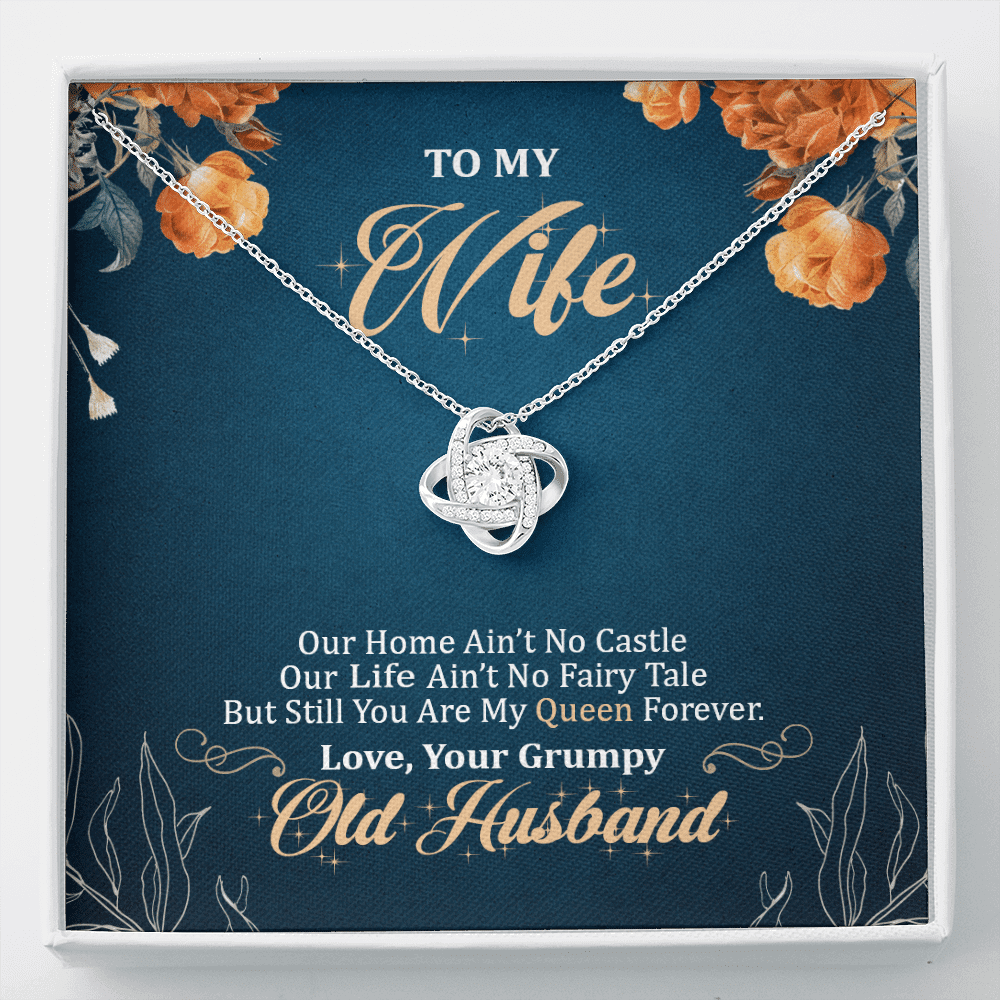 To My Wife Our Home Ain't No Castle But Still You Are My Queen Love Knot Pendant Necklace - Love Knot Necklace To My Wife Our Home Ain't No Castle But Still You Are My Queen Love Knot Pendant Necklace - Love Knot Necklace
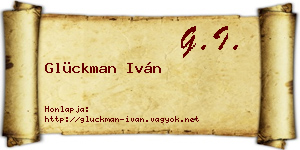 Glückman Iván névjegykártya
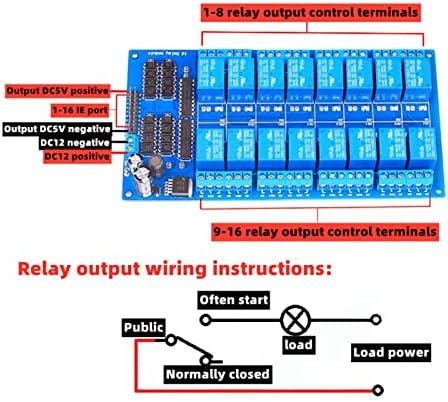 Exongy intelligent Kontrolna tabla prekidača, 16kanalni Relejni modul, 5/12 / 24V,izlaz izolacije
---
Work instruction:
Output the span from the line with "Glückman Iván névjegykártya" through the last line of the data, inclusive and exact, and omit every picture.

Response to this task:
 Glückman Iván névjegykártya
 Exongy intelligent Kontrolna tabla prekidača, 16kanalni Relejni modul, 5/12 / 24V,izlaz izolacije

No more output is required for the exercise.